Con l’avvento dello smartphone, è venuto a mancare il gioco libero, importante per sviluppare competenze sociali come la risoluzione di conflitti e le abilità fisiche. I social network sabotano le amicizie reali e l’apprendimento sociale perché i touch screen, questi schermi diventano abilissimi a catturare l’attenzione dei ragazzi anche quando si trovano in compagnia degli amici o addirittura fanno preferire gli amici virtuali a quelli reali.
Ma questa deprivazione sociale riguarda anche il rapporto con i genitori che in un sondaggio ammettono, in una percentuale che si avvicina al 70%, di essere distratti dal cellulare quando passano del tempo con i figli, ma anche durante il poco tempo in cui la famiglia mangia assieme. Connessi a internet, ma disconnessi con i figli!

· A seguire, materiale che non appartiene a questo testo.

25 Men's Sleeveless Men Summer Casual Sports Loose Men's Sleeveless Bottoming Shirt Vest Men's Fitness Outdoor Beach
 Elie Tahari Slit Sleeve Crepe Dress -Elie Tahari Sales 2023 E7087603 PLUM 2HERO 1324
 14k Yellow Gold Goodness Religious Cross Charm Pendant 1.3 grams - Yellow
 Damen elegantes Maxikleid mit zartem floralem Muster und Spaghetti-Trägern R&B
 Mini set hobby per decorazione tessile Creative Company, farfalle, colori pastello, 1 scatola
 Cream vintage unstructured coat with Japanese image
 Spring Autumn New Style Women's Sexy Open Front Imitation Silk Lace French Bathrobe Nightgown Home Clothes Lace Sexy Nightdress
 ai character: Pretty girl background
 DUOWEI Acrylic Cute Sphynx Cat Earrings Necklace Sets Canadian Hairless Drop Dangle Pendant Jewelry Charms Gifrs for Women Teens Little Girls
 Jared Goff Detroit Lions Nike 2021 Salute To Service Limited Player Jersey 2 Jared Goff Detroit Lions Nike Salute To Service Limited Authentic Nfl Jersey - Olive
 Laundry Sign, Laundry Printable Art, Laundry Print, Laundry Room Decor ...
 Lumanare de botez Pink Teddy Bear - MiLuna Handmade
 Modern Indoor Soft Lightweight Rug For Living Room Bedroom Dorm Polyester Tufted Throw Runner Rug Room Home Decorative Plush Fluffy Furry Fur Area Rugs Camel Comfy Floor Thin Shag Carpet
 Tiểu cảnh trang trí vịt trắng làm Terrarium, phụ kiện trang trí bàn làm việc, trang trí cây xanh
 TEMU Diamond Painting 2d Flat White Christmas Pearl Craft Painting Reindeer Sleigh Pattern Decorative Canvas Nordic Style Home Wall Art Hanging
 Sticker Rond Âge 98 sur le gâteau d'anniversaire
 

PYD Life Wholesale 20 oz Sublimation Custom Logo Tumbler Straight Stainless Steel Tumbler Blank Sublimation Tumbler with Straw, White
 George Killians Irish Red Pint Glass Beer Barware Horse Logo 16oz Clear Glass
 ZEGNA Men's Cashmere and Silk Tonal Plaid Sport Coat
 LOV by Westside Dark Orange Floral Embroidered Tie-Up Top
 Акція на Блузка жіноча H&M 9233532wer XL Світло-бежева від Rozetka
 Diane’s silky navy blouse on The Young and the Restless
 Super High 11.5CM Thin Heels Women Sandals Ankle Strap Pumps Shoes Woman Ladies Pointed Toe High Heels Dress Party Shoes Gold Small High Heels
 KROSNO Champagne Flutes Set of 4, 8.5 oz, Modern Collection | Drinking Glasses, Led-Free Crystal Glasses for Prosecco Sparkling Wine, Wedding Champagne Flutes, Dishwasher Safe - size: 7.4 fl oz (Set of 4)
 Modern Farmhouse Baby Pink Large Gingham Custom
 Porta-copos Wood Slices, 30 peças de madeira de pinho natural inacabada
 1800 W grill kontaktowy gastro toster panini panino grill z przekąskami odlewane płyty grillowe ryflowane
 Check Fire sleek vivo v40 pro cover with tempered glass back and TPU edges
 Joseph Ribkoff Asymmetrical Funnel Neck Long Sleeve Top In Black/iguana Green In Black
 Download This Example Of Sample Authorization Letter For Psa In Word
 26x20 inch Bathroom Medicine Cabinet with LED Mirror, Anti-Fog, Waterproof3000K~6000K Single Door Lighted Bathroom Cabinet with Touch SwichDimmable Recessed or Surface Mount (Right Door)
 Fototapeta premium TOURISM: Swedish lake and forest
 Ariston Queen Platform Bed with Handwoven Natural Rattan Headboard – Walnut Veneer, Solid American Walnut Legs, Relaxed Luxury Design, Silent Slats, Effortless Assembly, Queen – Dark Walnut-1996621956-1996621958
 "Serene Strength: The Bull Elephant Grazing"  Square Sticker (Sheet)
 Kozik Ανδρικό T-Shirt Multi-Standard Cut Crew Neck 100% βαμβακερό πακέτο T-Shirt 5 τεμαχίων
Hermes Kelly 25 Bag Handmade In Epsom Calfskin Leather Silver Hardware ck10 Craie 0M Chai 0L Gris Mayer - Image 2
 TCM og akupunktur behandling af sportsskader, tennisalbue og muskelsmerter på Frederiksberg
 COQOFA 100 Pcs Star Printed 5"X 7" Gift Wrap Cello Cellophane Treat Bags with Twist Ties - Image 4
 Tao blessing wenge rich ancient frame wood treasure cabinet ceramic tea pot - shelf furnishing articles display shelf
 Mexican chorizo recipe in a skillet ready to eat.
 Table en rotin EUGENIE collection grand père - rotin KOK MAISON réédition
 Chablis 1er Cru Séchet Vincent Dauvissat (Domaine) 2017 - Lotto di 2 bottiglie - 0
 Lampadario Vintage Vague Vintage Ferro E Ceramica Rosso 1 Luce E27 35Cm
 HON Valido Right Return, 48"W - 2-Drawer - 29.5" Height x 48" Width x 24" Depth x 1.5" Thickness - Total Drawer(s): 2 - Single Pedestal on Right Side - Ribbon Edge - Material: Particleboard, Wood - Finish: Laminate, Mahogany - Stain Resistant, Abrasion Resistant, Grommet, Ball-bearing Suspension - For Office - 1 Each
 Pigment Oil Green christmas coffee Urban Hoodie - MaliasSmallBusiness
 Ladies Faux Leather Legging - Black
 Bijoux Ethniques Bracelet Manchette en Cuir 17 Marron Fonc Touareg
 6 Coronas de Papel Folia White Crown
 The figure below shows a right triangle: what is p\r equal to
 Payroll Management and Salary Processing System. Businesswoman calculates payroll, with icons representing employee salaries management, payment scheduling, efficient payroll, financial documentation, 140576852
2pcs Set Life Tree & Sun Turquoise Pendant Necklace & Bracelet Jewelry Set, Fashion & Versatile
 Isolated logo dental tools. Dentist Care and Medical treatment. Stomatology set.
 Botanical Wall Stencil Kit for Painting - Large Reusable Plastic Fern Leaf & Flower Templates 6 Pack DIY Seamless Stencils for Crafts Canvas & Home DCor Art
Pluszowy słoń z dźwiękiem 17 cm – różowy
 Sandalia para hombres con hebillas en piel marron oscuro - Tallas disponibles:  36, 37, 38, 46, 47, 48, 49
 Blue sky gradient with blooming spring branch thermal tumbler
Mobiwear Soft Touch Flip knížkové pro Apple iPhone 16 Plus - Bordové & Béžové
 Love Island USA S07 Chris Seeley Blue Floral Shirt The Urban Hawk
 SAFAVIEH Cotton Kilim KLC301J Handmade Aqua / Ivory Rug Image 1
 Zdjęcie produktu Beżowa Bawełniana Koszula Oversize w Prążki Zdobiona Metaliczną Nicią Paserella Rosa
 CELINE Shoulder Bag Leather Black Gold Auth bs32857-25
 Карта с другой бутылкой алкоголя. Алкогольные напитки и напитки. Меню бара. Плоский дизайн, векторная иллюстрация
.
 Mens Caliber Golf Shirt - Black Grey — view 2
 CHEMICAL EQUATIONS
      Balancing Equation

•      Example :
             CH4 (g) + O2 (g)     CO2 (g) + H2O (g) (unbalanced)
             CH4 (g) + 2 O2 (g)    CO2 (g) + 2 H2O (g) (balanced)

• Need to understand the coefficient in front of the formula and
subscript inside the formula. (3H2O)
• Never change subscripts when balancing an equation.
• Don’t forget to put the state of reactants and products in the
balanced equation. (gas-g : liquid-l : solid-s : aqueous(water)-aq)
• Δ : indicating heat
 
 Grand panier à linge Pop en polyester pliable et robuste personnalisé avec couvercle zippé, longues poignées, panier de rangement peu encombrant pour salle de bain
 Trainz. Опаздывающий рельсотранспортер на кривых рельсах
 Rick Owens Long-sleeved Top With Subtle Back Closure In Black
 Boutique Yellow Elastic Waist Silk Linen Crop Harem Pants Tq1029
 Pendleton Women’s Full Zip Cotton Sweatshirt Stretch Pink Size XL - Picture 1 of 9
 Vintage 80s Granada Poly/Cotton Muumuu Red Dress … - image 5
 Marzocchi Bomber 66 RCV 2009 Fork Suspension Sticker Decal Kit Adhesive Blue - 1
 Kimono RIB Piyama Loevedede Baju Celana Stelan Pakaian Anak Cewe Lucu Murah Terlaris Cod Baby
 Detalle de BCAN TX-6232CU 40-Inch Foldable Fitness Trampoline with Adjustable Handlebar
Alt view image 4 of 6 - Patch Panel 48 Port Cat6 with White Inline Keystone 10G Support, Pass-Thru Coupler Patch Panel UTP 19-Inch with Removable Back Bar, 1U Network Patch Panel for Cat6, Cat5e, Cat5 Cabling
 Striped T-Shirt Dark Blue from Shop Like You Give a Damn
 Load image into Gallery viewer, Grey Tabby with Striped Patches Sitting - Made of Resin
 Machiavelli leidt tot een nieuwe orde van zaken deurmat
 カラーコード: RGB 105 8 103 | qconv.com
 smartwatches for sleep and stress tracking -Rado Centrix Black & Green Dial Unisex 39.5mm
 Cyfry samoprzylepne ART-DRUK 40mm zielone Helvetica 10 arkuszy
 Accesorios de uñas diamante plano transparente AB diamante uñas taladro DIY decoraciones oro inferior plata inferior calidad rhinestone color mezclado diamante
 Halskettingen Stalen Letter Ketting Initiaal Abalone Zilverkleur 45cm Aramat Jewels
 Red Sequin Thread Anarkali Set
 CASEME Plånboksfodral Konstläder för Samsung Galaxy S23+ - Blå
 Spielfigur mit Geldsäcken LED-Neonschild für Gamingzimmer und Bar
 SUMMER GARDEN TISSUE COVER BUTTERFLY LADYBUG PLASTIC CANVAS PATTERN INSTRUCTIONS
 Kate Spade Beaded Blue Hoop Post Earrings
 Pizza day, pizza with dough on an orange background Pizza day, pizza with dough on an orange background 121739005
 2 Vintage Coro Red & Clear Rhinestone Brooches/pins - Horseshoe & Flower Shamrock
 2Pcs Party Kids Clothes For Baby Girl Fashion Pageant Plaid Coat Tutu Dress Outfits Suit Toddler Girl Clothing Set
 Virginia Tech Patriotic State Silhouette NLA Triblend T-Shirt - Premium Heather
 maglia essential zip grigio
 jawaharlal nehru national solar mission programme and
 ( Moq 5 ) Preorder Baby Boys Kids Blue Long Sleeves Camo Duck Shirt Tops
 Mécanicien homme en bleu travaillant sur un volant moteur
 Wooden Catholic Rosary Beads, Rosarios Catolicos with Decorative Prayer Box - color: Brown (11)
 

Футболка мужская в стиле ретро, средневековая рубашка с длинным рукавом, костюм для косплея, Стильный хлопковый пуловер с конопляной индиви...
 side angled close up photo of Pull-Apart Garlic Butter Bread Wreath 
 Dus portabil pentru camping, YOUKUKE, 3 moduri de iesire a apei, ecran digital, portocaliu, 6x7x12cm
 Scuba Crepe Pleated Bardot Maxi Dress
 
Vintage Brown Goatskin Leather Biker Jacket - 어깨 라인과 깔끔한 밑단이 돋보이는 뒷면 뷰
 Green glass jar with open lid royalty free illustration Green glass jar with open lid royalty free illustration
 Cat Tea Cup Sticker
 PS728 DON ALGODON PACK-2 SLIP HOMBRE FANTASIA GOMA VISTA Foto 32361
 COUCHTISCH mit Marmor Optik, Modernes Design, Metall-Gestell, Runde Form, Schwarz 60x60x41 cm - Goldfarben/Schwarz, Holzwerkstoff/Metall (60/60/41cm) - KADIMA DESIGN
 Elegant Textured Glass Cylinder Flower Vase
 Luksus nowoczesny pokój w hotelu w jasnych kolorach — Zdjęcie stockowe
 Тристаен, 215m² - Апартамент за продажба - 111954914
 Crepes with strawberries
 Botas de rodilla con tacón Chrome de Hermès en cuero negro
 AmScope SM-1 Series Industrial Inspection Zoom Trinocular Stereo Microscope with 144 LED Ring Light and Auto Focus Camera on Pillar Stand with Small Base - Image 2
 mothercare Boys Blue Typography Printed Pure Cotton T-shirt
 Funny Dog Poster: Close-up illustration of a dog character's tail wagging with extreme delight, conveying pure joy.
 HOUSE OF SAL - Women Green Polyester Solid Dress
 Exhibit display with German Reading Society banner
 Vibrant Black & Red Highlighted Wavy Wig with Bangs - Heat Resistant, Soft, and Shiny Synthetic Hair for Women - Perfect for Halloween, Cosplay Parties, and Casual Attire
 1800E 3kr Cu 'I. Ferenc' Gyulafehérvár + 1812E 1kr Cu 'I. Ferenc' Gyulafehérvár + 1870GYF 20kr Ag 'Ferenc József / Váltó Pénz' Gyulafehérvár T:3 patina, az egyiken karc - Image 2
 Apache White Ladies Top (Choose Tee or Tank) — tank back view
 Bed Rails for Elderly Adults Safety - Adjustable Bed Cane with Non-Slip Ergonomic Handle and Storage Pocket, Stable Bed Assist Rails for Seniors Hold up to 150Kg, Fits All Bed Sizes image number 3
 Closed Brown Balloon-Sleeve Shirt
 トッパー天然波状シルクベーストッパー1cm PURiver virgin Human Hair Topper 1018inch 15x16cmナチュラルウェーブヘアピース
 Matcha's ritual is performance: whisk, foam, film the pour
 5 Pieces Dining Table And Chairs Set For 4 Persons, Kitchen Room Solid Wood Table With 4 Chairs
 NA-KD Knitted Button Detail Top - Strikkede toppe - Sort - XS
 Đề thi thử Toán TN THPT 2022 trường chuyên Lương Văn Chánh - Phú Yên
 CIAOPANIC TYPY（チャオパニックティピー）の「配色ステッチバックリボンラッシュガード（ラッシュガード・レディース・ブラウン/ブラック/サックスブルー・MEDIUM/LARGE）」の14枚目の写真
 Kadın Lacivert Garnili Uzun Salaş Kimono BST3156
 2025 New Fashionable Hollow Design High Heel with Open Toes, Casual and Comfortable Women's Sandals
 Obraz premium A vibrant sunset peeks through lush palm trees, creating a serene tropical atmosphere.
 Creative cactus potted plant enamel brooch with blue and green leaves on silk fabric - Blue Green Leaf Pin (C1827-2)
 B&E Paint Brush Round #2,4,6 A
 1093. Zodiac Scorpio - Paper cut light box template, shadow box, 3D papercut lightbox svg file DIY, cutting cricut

Un altro danno provocato, secondo Haidt, dallo smarphone sempre acceso è la privazione di sonno quanto mai importante in adolescenza per un sano sviluppo psico-fisico in quanto l’uso dei dispositivi, oltre a sottrarre ore al sonno, lo disturba di per sé. Questo comporta stanchezza, stati depressivi, maggior aggressività, mancanza di autocontrollo. Un terzo danno, sempre rilevato dall’Autore citato, è la frammentazione dell’attenzione. È facile immaginare un ragazzo che mentre studia è tempestato di notifiche da decine di app, da messaggi di amici, informazioni dell’ultima ora, ecc. Delle ricerche hanno evidenziato una correlazione tra l’uso massiccio di smartphone e videogame e la sindrome di deficit d’attenzione e iperattività.
Un quarto danno, dice infine Haidt, è la dipendenza perché i mille stimoli che arrivano dai social sviluppano dopamina, un neurotrasmettitore che fa stare bene, ma che però attiva dei circuiti cerebrali che inducono a volere sempre di più. Cioè, il piacere provato induce a continuare, per cui, da ricerche fatte, risulta che molti adolescenti passano sui social una media di 7 ore al giorno, ma una parte anche parecchie di più. L’intero ambiente online, infatti, è architettato per agganciare il fruitore e fargli spendere sempre più tempo su ogni tipo di prodotto spesso poco raccomandabile per i nostri figli.
Ma mentre ci sono leggi che vietano la vendita di tabacco e alcol ai minori o un loro ingresso in una sala giochi, non c’è nulla che regolamenti l’accesso alle varie piattaforme e alle loro applicazioni.
Quindi, cosa si può fare? Considerati i danni prodotti su queste ultime generazioni, lo psicologo americano propone una cura drastica: niente smartphone prima dei 14 anni e niente profilo social prima dei 16. Se proprio un genitore non ce la fa, per i bambini di elementari e medie, consiglia il parental control che permette di filtrare i contenuti e consente anche di impostare il tempo di utilizzo di questi strumenti.
A scuola, Haidt propone il ritiro degli smartphone per tutto l’orario scola- stico. Difficile, ma non impossibile se i genitori si coalizzano in comportamenti coerenti e così dirigenti e insegnanti. Fondamentale, poi, il loro esempio!
A bambini e ragazzi occorre, poi, fornire più occasioni di gioco libero, attività sportive e luoghi dove possano incontrarsi per praticare attività ricreative come musica, teatro, ecc. Favorire inoltre la partecipazione ad attività estive, campeggi o altro dove i propri figli frequentino altri bambini che non abbiano con sé uno smartphone.